Formato: Online Artículo Texto
Lenguaje:English
Publicado: John Wiley and Sons Inc. 2018
Materias:
Acceso en línea:https://www.ncbi.nlm.nih.gov/pmc/articles/PMC6492124/
https://www.ncbi.nlm.nih.gov/pubmed/30146680
http://dx.doi.org/10.1002/jcp.27183
Descripción
Sumario:Peroxisome proliferator‐activated receptor‐γ coactivator‐1 deficient (Pgc‐1β (−/−)) murine hearts model the increased, age‐dependent, ventricular arrhythmic risks attributed to clinical conditions associated with mitochondrial energetic dysfunction. These were accompanied by compromised action potential (AP) upstroke rates and impaired conduction velocities potentially producing arrhythmic substrate. We tested a hypothesis implicating compromised Na(+) current in these electrophysiological phenotypes by applying loose patch‐clamp techniques in intact young and aged, wild‐type (WT) and Pgc‐1β (−/−), ventricular cardiomyocyte preparations for the first time. This allowed conservation of their in vivo extracellular and intracellular conditions. Depolarising steps elicited typical voltage‐dependent activating and inactivating inward Na(+) currents with peak amplitudes increasing or decreasing with their respective activating or preceding inactivating voltage steps.
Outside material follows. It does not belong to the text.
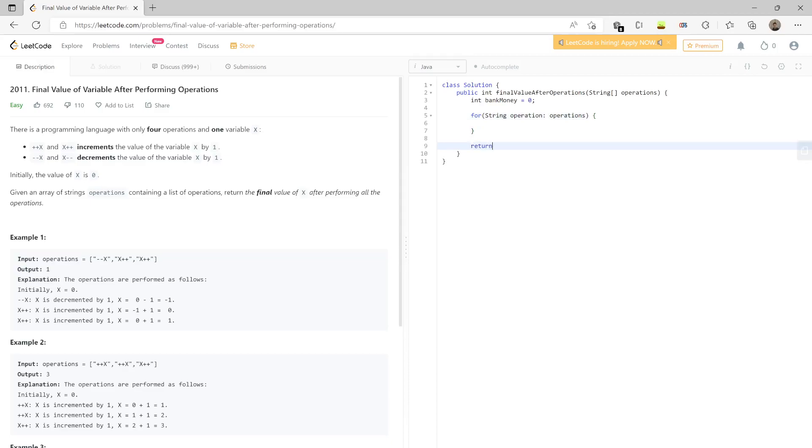Finally, we have to return what is the amount with the bank, that is the bank money. If operation contains plus plus...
Two‐way analysis of variance associated Pgc‐1β (−/−) genotype with independent reductions in maximum peak ventricular Na(+) currents from −36.63 ± 2.14 (n = 20) and −35.43 ± 1.96 (n = 18; young and aged WT, respectively), to −29.06 ± 1.65 (n = 23) and −27.93 ± 1.63 (n = 20; young and aged Pgc‐1β (−/−), respectively) pA/μm(2) (p < 0.0001), without independent effects of, or interactions with age. Voltages at half‐maximal current V*, and steepness factors k in plots of voltage dependences of both Na(+) current activation and inactivation, and time constants for its postrepolarisation recovery from inactivation, remained indistinguishable through all experimental groups. So were the activation and rectification properties of delayed outward (K(+)) currents, demonstrated from tail currents reflecting current recoveries from respective varying or constant voltage steps. These current–voltage properties directly implicate decreases specifically in maximum available Na(+) current with unchanged voltage dependences and unaltered K(+) current properties, in proarrhythmic reductions in AP conduction velocity in Pgc‐1β(−/−) ventricles.